Zitierlink: http://hdl.handle.net/11858/00-001M-0000-002D-89A4-8
Zusammenfassung
In 1979 Valiant showed that the complexity class VP_e of families with polynomially bounded formula size is contained in the class VP_s of families that have algebraic branching programs (ABPs) of polynomially bounded size. Motivated by the problem of separating these classes we study the topological closure VP_e-bar, i.e. the class of polynomials that can be approximated arbitrarily closely by polynomials in VP_e. We describe VP_e-bar with a strikingly simple complete polynomial (in characteristic different from 2) whose recursive definition is similar to the Fibonacci numbers. Further understanding this polynomial seems to be a promising route to new formula lower bounds. Our methods are rooted in the study of ABPs of small constant width.

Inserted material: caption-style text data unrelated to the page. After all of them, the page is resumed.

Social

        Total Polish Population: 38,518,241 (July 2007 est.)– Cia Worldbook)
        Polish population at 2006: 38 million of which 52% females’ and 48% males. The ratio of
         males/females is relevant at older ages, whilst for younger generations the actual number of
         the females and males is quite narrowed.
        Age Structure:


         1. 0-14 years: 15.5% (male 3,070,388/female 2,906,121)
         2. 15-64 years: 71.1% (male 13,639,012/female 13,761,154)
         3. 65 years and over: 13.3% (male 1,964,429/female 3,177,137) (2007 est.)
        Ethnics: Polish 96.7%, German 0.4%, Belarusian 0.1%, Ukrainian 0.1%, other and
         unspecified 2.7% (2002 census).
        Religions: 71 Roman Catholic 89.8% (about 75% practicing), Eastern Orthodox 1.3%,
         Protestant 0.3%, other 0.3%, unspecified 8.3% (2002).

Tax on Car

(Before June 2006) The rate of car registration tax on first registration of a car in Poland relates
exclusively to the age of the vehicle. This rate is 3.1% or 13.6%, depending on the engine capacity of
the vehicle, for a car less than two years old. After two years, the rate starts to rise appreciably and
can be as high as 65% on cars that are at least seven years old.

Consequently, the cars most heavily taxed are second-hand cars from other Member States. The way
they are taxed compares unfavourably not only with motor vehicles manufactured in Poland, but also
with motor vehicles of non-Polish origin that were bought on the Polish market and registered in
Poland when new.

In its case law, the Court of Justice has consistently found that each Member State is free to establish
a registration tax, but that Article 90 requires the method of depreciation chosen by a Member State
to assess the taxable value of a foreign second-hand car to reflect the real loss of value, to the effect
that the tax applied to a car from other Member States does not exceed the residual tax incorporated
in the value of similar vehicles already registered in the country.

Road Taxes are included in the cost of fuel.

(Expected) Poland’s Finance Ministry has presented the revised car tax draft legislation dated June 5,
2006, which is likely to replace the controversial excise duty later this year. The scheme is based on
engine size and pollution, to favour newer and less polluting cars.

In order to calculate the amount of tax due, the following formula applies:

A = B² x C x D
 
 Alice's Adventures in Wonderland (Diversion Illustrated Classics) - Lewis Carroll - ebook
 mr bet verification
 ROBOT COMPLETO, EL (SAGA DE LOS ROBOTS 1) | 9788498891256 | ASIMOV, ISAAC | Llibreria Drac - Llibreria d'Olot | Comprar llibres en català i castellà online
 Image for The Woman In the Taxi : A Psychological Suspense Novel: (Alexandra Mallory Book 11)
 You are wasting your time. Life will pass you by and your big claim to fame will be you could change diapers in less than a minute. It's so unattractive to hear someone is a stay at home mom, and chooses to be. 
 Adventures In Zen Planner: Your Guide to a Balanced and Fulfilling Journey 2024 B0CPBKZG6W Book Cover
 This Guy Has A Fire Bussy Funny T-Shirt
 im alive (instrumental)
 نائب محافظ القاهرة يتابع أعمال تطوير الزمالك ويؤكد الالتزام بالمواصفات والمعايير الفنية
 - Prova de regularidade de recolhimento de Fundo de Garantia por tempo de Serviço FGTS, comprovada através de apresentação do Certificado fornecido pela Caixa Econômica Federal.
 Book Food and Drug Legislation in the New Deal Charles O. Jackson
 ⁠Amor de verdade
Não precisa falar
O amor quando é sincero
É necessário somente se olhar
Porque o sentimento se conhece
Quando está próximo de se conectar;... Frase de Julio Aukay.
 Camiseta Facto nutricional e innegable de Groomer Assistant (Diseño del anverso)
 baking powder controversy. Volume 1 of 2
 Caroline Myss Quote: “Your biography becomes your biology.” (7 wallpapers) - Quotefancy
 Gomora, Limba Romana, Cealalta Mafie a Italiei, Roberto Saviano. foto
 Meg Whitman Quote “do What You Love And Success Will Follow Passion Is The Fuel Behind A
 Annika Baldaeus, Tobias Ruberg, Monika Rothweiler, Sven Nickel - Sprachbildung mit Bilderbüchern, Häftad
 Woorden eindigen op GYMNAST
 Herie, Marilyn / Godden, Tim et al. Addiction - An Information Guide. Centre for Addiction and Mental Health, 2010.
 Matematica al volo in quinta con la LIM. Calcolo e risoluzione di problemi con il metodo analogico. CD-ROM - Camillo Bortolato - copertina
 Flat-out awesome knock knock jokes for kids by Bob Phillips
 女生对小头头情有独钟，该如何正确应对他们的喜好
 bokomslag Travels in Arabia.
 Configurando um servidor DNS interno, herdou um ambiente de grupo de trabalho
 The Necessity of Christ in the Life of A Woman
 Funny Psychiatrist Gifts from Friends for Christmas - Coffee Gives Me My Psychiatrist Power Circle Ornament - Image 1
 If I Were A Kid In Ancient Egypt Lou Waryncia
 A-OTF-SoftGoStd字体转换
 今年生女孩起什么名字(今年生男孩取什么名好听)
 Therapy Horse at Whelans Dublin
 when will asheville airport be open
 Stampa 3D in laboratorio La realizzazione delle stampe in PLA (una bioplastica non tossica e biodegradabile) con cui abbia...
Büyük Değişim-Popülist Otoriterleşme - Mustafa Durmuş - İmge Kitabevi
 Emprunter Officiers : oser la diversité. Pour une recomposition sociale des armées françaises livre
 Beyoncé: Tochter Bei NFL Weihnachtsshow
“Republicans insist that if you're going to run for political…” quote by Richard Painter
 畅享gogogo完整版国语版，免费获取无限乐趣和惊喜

In 1992 Ben-Or and Cleve showed that formula size is polynomially equivalent to width-3 ABP size. We extend their result (in characteristic different from 2) by showing that approximate formula size is polynomially equivalent to approximate width-2 ABP size. This is surprising because in 2011 Allender and Wang gave explicit polynomials that cannot be computed by width-2 ABPs at all! The details of our construction lead to the aforementioned characterization of VP_e-bar. As a natural continuation of this work we prove that the class VNP can be described as the class of families that admit a hypercube summation of polynomially bounded dimension over a product of polynomially many affine linear forms. This gives the first separations of algebraic complexity classes from their nondeterministic analogs.